_Exercise description_
No pictures, no extra lines: copy exactly from the line with "Chỉ Riêng Mình Em" through the end of the entries.
[[ Material provided, beginning ]]
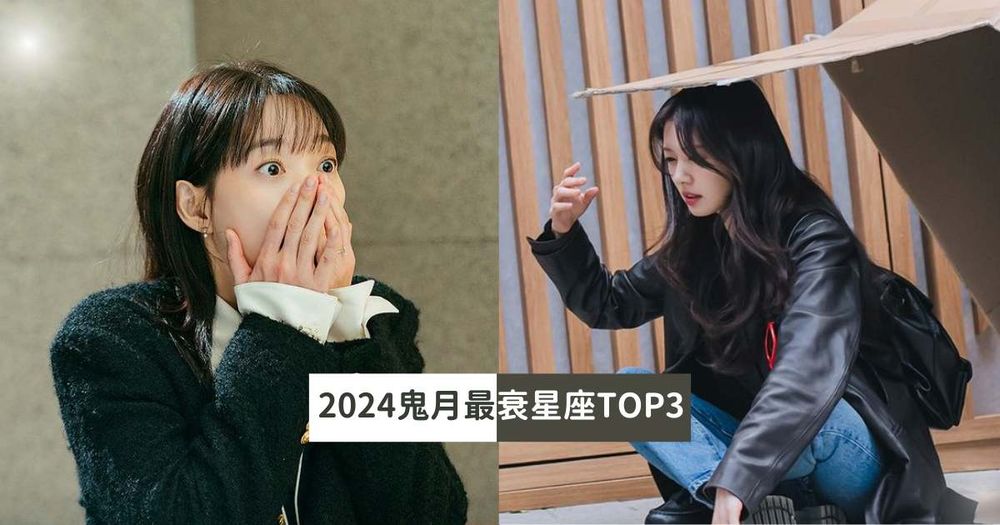 2024鬼月最衰星座TOP3！金牛小心被詐騙，第一名工作健康都出問題、慘到路人都同情！-1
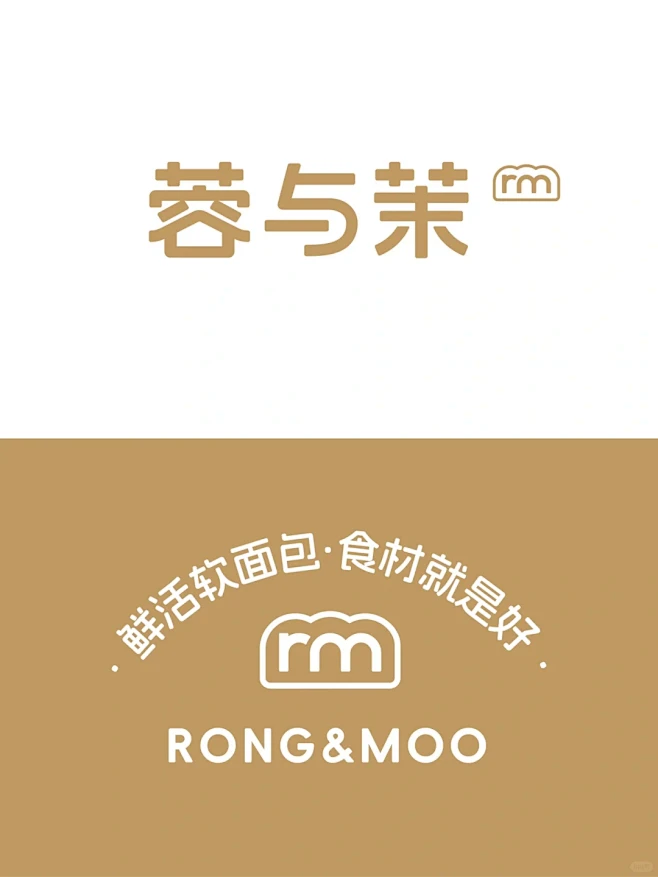 原创|让你一眼爱上 简而美的烘焙店品牌设...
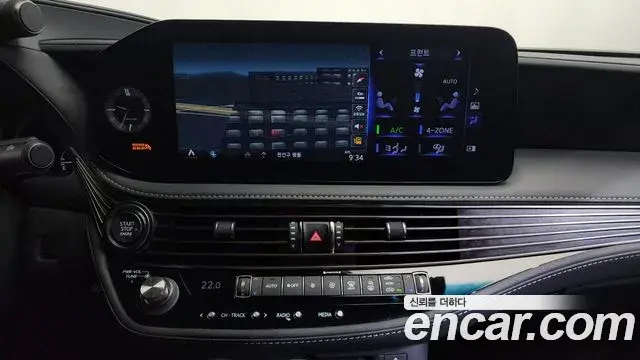 Lexus LS500 2022 — Photo 2/20
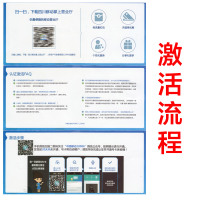【广元移动】68元随心卡流量卡|4g上网卡|移动手机号新卡全国通用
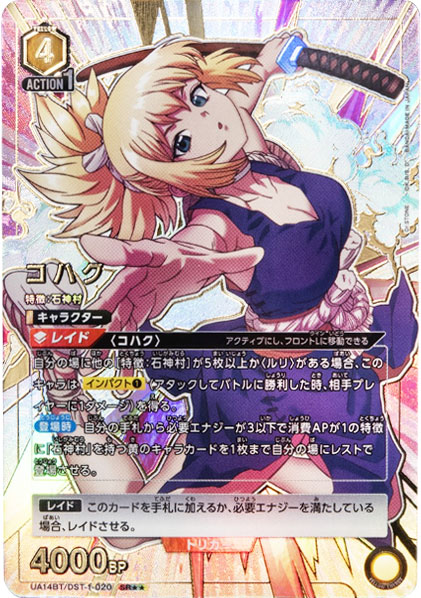 スピリッツ SR 金箔推し ユニオンアリーナ 気味が悪い｜UNION ARENA 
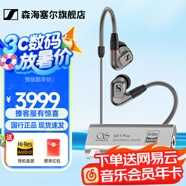 森海塞爾（Sennheiser）IE900/IE600/IE300旗艦級(jí)HIFI高保真超寬單動(dòng)圈單元可拆卸MMCX掛耳式耳機(jī) 高保真發(fā)燒有線耳機(jī)耳塞 IE600+山靈UA1S PLUS耳放小尾巴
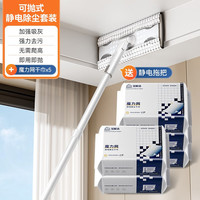 宝家洁宝家洁静电除尘拖把一次性纸巾免手洗平板拖懒人拖地一拖家用 买纸餸拖把+5包魔力干巾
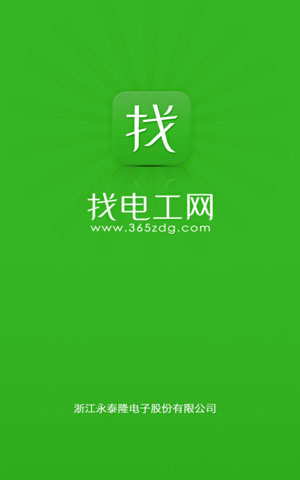 &#31859;&#20848;&#23448;&#26041;&#31449;&#32593;&#39029;&#29256;&#45;&#31859;&#20848;&#40;&#20013;&#22269;&#41;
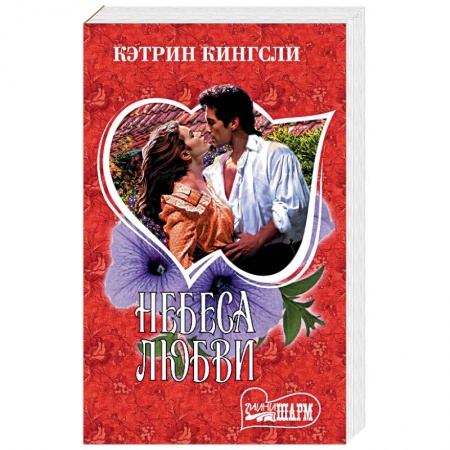 Исторический любовный роман, книга Небеса любви купить по низкой цене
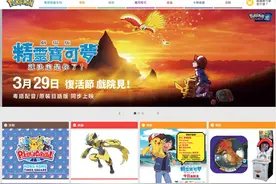 精灵宝可梦开设中文官网  任天堂离中国又近了点图片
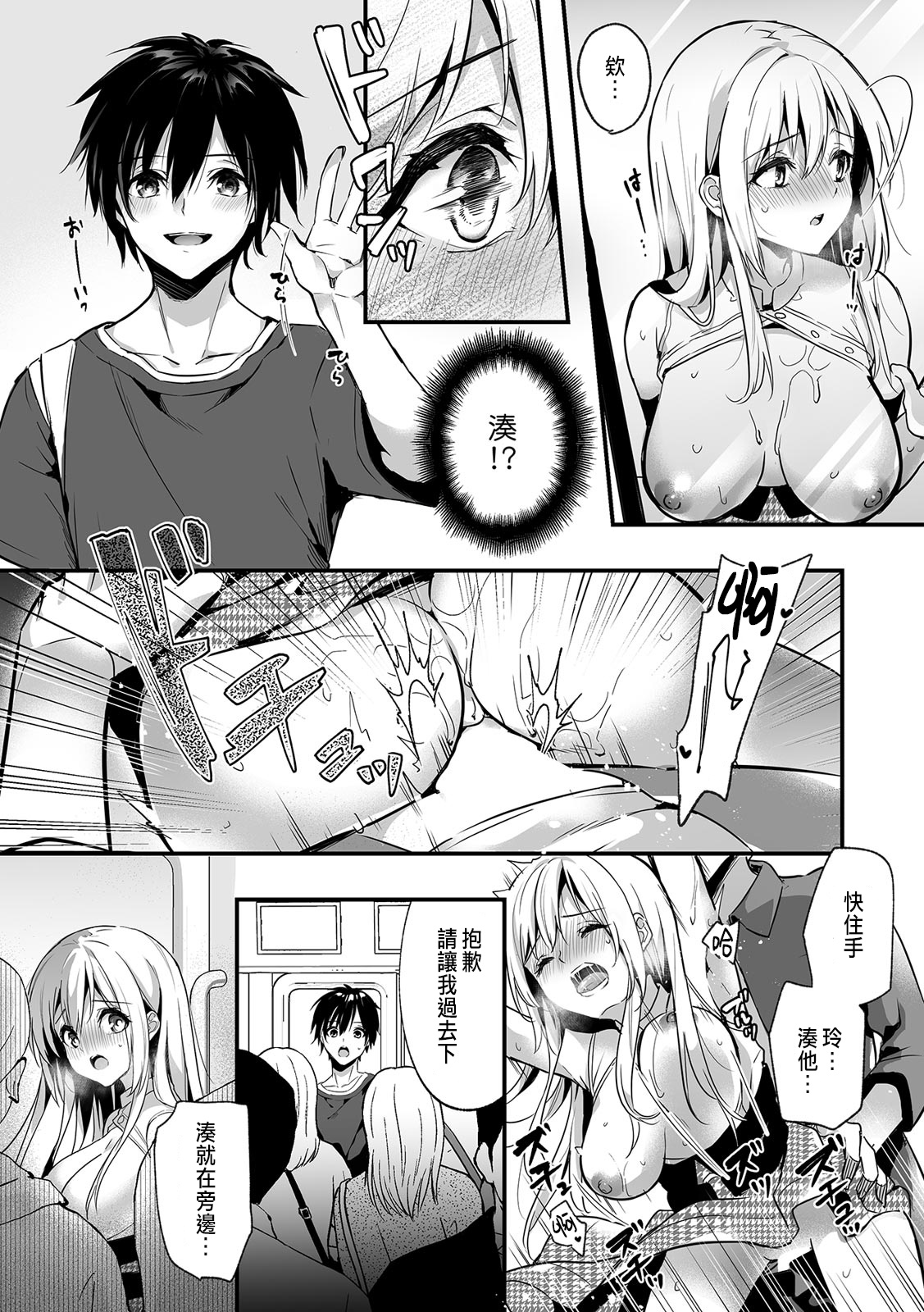 [Kise Itsuki] "Uso, Ichiban Oku made Sounyuutteru..." Kare no Kouhai kara Ikasarete... Uwaki SEX de Ochiru Yoru 1 [Chinese] 画像番号 90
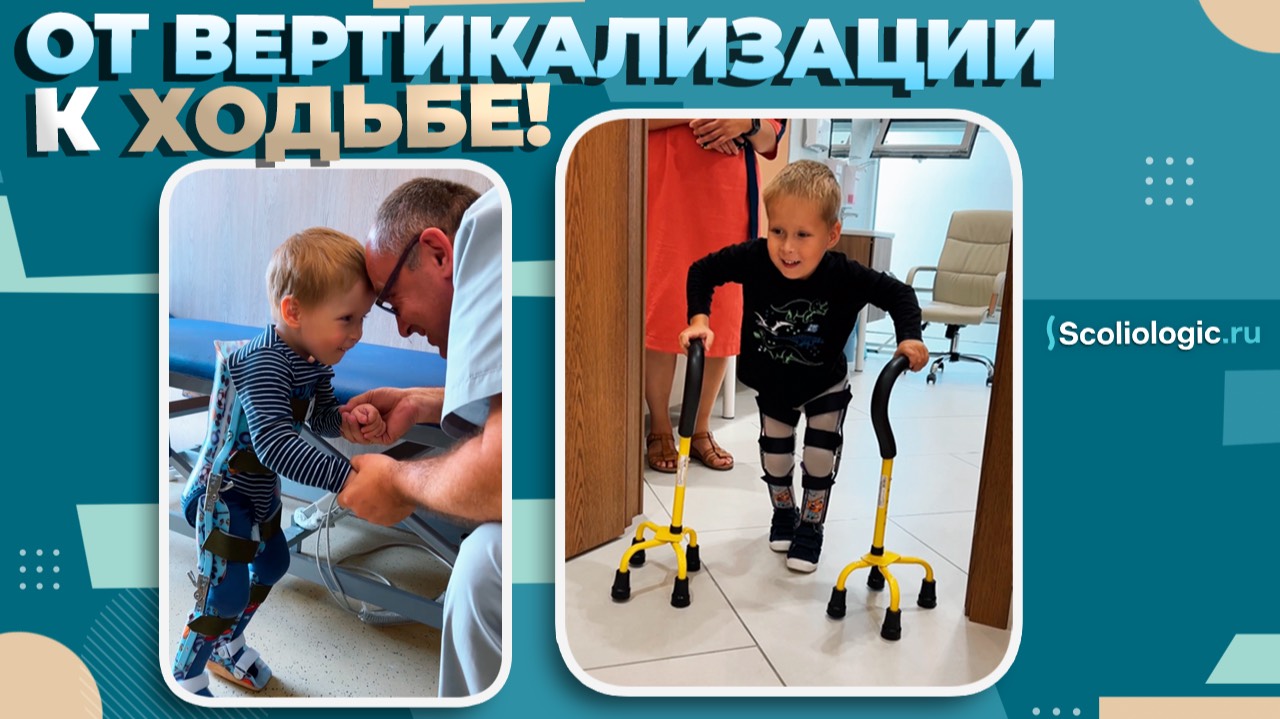 Володя со spina bifida теперь может ходить!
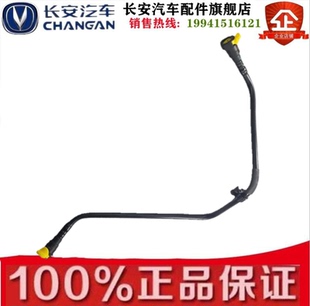 适用于长安17款18款CS75高压油泵供油管1.5T专用供油连接管原厂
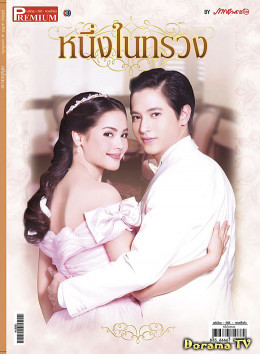 Chỉ Riêng Mình Em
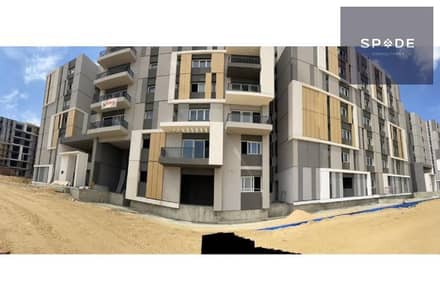 3 Bedroom Flat for Sale in Mostakbal City, Cairo - original. jpg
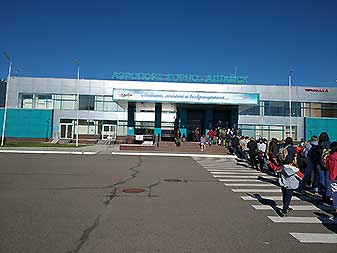 Аэропорт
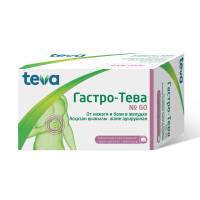 Гастро-Тева № 60, таблетки для рассасывания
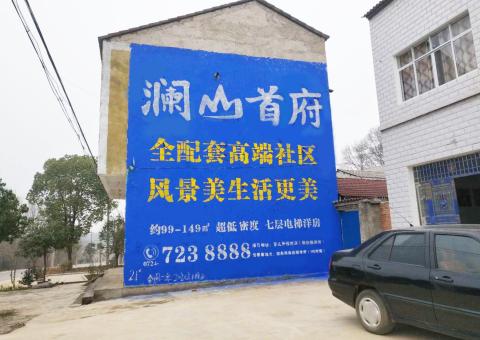紫阳县农村墙体广告 最贴近三四级市场消费终端的广告形式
[[ Material provided, end ]]
_Solution to this problem_
 Chỉ Riêng Mình Em
 3 Bedroom Flat for Sale in Mostakbal City, Cairo - original. jpg
 Аэропорт
 Гастро-Тева № 60, таблетки для рассасывания
紫阳县农村墙体广告 最贴近三四级市场消费终端的广告形式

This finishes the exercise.